- Opening Delimiter -
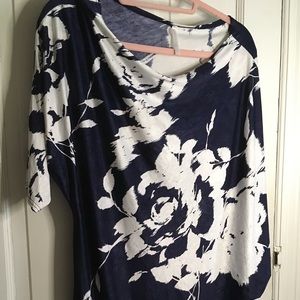 ***SOLD*** Asymmetrical Blouse, Satin Floral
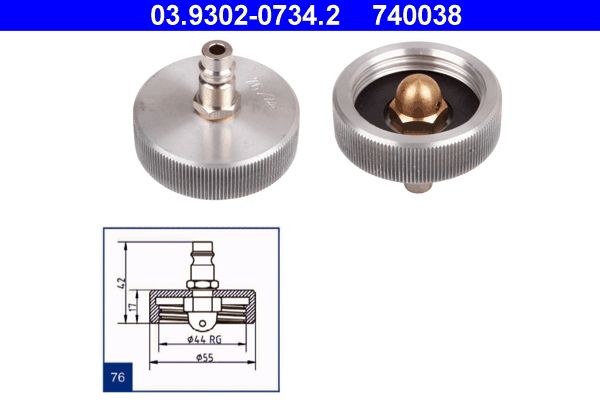 ATE 03.9302-0734.2 Brake Bleeder Adapter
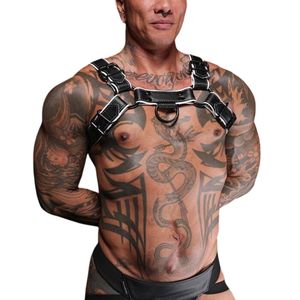 <b>Mens</b> Hardline Bulldog Leather <b>Harness</b> White Adjustable Chest Fit Premium Leather Club Wear - Product Image 2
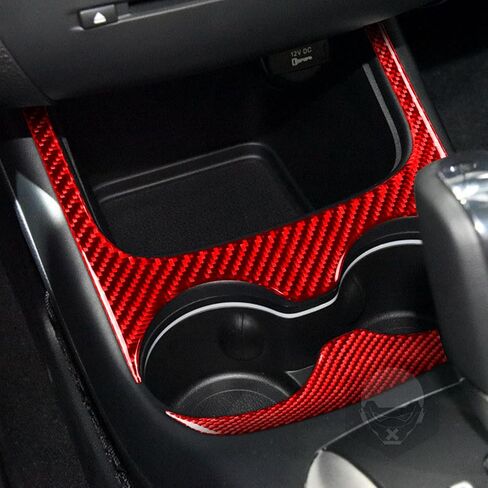 شارات حقيقية فاخرة من ألياف الكربون 3K مسند ذراع مركزي حامل أكواب لوحة غطاء الكسوة ملصق ديكور متوافق مع دودج رحلة 2011 2012 2013 2014 2015 2016 2017 2018 2019 2020 الملحقات الداخلية باللون الأحمر in Kuwait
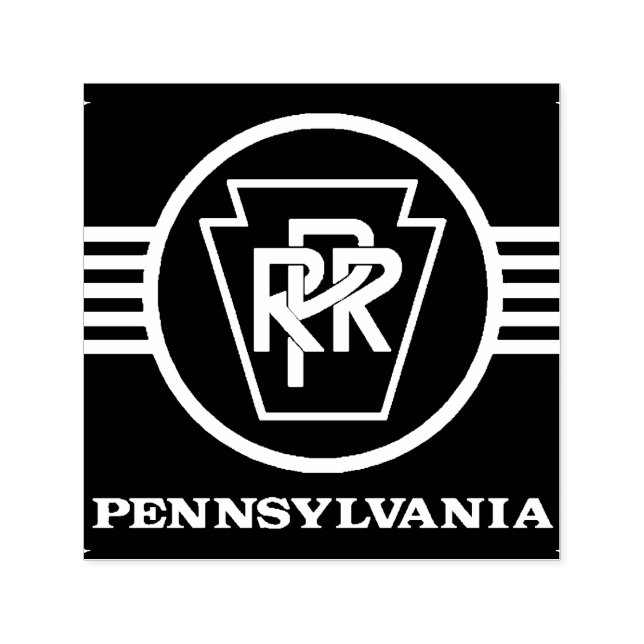 Pennsylvania Railroad Logo,Black & White Ink Stamp (Design)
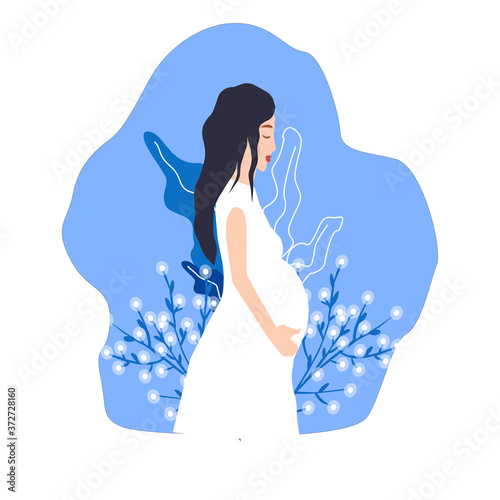 Pregnant girl holds belly next to flowers, vector chart
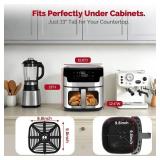 8.5QT Air Fryer with Visual Window, Large Family Size XL Airfryer with 8 Presets, Stainless Steel Oven for Fast Healthy Cooking, Reheat & Crisp, Dishwasher Safe, Gift Box Included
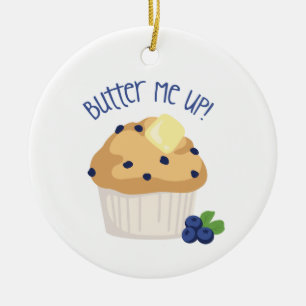 Smör och muffin julgransprydnad keramik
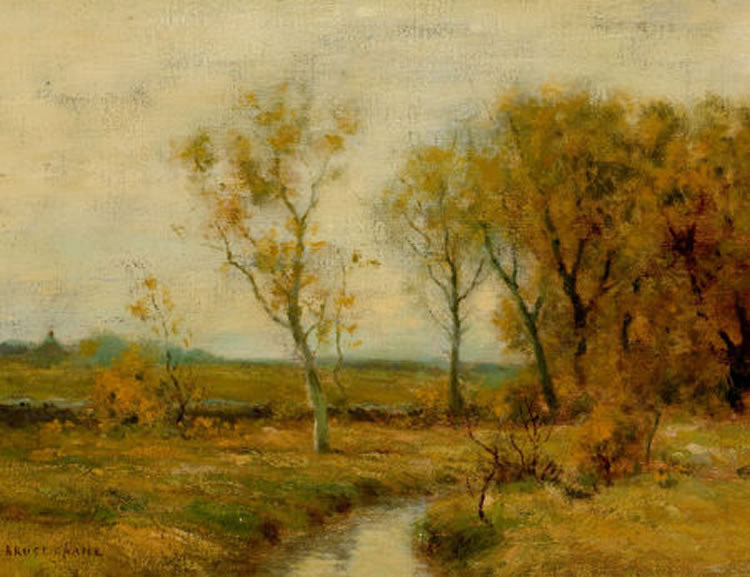 Autumn in the Mohawk Valley, vintage artwork by Bruce Crane, 12x8" (A4) Poster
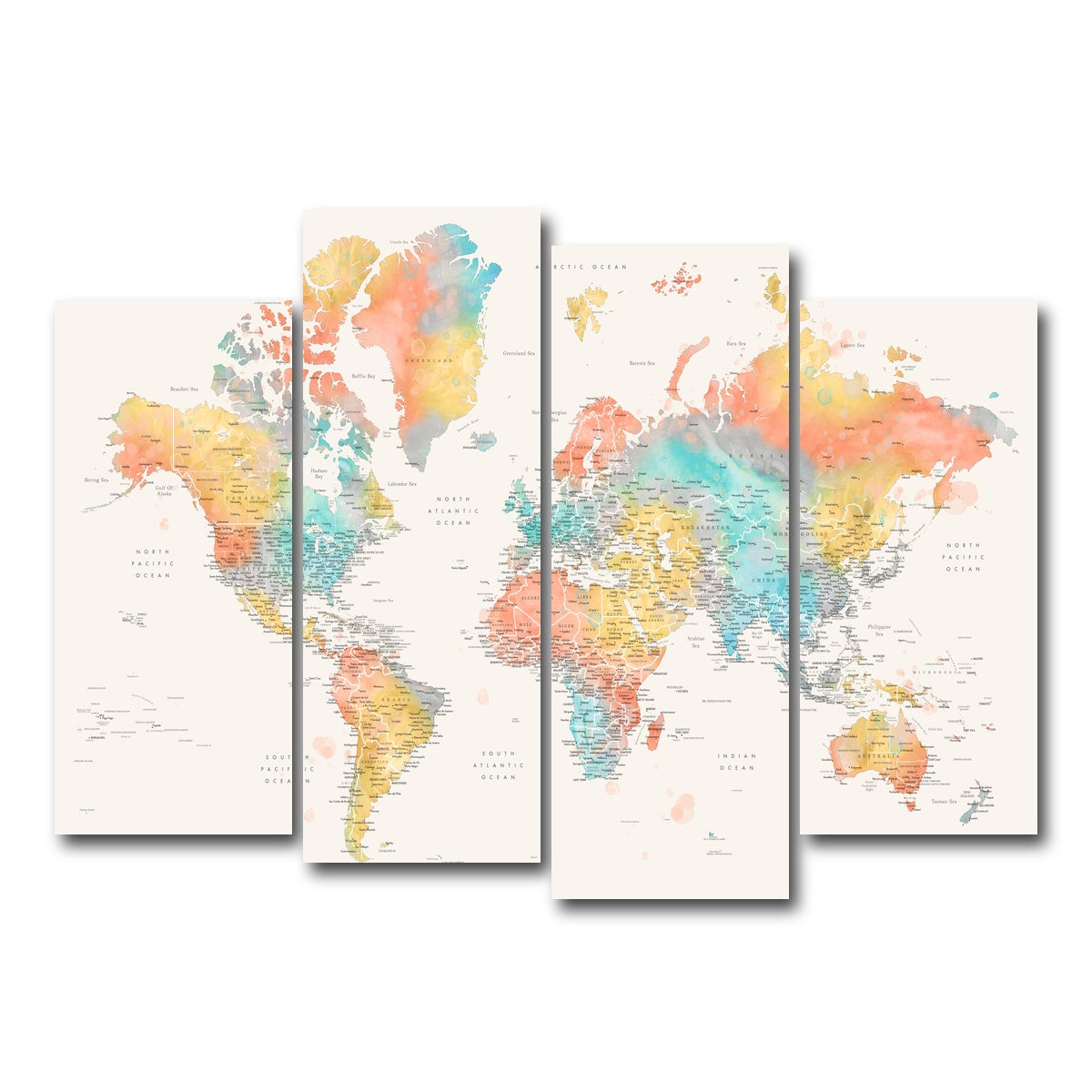AUTO-MOCKUP WHITE | World Map 48 | 4 Piece | Gallery Wrap Canvas | group=4_normal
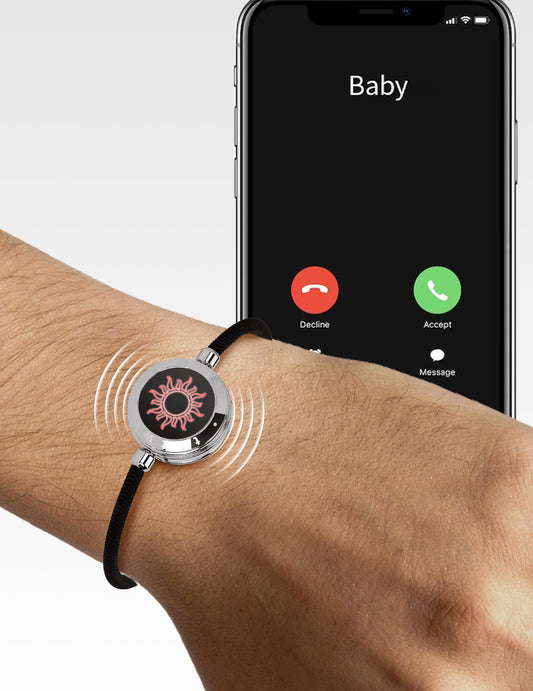 Smartwatch on wrist with phone showing incoming call interface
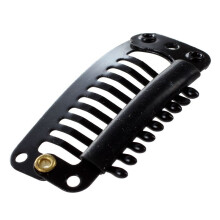 80Pcs Black Nine-Tooth Clip for Hair Extension Snap Clip for DIY Use(Black)32MM L
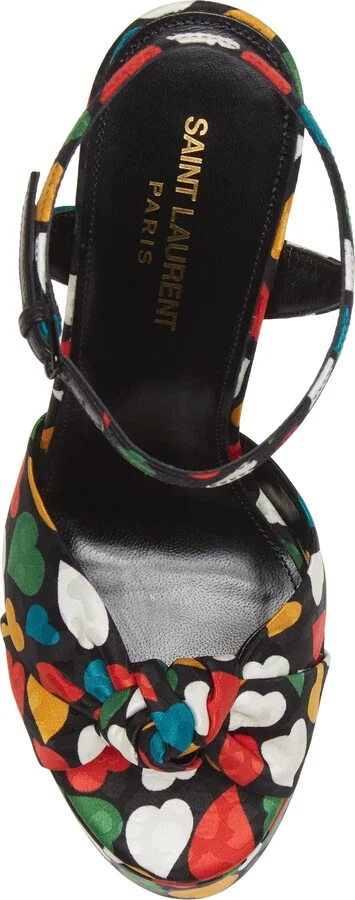Heart Print Jacquard Platform Sandal - Image 5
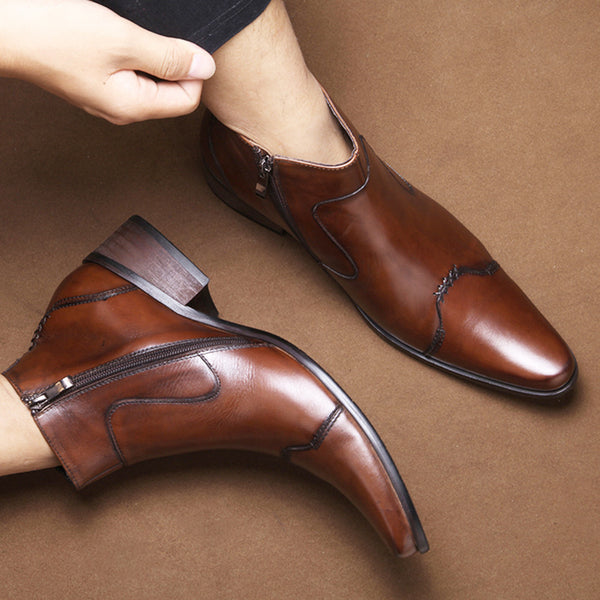 Premium Korean Style Men's Leather Martin Boots - Waterproof Cowhide Mid-Calf Boots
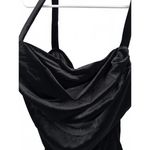 Mango Velvet Bodysuit with Draped Neckline Black NWT XL Photo 6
- Closing Delimiter -
YOUR OBJECTIVE
Every record must be duplicated exactly, except for the pictures, which are left out.

EXPECTED OUTPUT
 ***SOLD*** Asymmetrical Blouse, Satin Floral
 ATE 03.9302-0734.2 Brake Bleeder Adapter
 <b>Mens</b> Hardline Bulldog Leather <b>Harness</b> White Adjustable Chest Fit Premium Leather Club Wear - Product Image 2
 شارات حقيقية فاخرة من ألياف الكربون 3K مسند ذراع مركزي حامل أكواب لوحة غطاء الكسوة ملصق ديكور متوافق مع دودج رحلة 2011 2012 2013 2014 2015 2016 2017 2018 2019 2020 الملحقات الداخلية باللون الأحمر in Kuwait
 Pennsylvania Railroad Logo,Black & White Ink Stamp (Design)
 Pregnant girl holds belly next to flowers, vector chart
 8.5QT Air Fryer with Visual Window, Large Family Size XL Airfryer with 8 Presets, Stainless Steel Oven for Fast Healthy Cooking, Reheat & Crisp, Dishwasher Safe, Gift Box Included
 Smör och muffin julgransprydnad keramik
 Autumn in the Mohawk Valley, vintage artwork by Bruce Crane, 12x8" (A4) Poster
AUTO-MOCKUP WHITE | World Map 48 | 4 Piece | Gallery Wrap Canvas | group=4_normal
 Smartwatch on wrist with phone showing incoming call interface
 80Pcs Black Nine-Tooth Clip for Hair Extension Snap Clip for DIY Use(Black)32MM L
Heart Print Jacquard Platform Sandal - Image 5
 Premium Korean Style Men's Leather Martin Boots - Waterproof Cowhide Mid-Calf Boots
 Mango Velvet Bodysuit with Draped Neckline Black NWT XL Photo 6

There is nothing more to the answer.